Sabemos há muito tempo que a maior parte das pressões ambientais é exercida pelos mais ricos. Por exemplo, os 10% mais ricos do mundo geram cerca de metade de todas as emissões do planeta. E sabemos que o impacto do estilo de vida nas regiões ricas do mundo priva os países pobres de seus recursos naturais. É por isso que o decrescimento tem como alvo as nações de alta renda; não se trata de uma receita universal, mas sim de uma dieta macroeconômica para essas poucas nações e classes que vivem acima de seus meios sustentáveis.

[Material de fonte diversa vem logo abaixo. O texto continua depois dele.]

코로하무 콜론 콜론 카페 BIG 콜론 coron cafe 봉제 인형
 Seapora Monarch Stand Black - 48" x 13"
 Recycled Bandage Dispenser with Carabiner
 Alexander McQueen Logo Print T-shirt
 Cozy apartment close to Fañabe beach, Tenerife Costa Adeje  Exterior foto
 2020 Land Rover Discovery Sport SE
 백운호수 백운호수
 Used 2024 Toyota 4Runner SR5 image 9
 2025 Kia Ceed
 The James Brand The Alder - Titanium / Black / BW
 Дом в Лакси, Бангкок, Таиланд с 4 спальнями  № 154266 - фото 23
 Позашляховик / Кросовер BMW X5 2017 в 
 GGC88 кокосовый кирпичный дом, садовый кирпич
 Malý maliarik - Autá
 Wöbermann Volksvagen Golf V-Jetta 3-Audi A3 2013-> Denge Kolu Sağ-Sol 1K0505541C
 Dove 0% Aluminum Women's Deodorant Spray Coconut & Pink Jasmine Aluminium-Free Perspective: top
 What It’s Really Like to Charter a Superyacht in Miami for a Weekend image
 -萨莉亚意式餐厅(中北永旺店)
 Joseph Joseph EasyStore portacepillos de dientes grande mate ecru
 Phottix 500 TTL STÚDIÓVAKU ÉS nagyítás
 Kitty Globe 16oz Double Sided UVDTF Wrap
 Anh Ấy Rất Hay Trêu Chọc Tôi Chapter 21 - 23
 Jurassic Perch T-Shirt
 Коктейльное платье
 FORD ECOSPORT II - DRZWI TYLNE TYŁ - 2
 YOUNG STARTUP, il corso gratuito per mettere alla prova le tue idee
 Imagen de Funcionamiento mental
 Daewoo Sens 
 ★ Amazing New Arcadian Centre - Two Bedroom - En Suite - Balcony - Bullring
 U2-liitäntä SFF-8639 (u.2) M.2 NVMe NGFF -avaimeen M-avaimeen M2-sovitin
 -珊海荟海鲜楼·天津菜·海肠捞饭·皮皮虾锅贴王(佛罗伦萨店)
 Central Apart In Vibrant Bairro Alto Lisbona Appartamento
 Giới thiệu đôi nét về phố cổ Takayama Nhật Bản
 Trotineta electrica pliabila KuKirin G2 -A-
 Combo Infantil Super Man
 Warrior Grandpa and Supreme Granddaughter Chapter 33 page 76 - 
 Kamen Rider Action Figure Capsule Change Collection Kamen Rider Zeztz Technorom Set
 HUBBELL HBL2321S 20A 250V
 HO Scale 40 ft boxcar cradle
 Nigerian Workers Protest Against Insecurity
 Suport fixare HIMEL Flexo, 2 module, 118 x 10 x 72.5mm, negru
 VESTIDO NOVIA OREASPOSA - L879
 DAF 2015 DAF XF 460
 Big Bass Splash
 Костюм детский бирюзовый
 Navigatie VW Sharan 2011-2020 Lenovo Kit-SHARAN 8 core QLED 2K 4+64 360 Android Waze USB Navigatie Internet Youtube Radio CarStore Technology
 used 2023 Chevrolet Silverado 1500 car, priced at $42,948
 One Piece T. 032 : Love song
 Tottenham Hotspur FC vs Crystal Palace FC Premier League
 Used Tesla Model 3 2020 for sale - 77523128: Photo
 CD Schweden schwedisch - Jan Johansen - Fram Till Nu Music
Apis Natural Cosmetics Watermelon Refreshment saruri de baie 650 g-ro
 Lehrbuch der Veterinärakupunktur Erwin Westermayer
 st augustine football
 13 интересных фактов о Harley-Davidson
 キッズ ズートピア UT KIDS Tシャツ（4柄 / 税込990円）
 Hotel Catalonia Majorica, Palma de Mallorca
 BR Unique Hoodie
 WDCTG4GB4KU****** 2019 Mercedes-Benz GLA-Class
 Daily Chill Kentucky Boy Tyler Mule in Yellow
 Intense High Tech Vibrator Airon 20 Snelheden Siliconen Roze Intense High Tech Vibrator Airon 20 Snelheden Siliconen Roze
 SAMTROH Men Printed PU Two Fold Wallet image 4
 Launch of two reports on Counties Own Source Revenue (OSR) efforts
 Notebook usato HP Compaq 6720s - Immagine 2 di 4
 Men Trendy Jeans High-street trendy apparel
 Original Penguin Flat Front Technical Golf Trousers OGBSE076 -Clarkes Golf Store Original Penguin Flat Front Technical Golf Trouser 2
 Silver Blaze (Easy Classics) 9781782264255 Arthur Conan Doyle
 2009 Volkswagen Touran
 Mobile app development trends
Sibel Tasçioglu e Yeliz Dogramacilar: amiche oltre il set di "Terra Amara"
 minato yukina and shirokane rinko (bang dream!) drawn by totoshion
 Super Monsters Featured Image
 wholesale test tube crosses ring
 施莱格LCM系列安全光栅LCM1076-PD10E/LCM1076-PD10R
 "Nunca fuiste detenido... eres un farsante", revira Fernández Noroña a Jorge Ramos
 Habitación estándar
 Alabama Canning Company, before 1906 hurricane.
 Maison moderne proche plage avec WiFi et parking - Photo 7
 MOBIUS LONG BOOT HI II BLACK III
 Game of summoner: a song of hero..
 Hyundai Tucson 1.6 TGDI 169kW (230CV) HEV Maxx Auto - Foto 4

A América do Norte e a Europa são responsáveis por metade de todas as emissões desde 1850, o que torna o orçamento de carbono restante bastante pequeno. Preferimos queimar nossos últimos barris de petróleo para atualizar os carros ocidentais para SUVs ou para construir painéis solares, tubulações de água e hospitais no Sul global? Essa lógica se aplica a todos os recursos naturais. Os consumidores ricos comem mais bifes, pegam mais aviões, constroem mais casas etc., mas à custa de menos biodiversidade, água e soberania alimentar em países que precisam desmatar para fornecer matéria-prima barata ao Norte global, além de menos estabilidade climática e menos minerais disponíveis para construir infraestrutura de energia renovável. Em um mundo que ultrapassou seus limites ecológicos, muito em algum lugar significa sistematicamente insuficiência em outro.
Raio-X
Economista e ecologista, Timothée Parrique, 33, é pesquisador na Pesquisador na Universidade de Lund, na Suécia, e autor de “Ralentir ou périr: L’économie de la décroissance” (ed. Seuil), que trata do decrescimento econômico dos países ricos como forma de frear o colapso ecológico do planeta. Ele é autor também do estudo “Decoupling debunked” (Dissociação desmascarada, em tradução livre), que desconstrói a ideia de crescimento sustentável.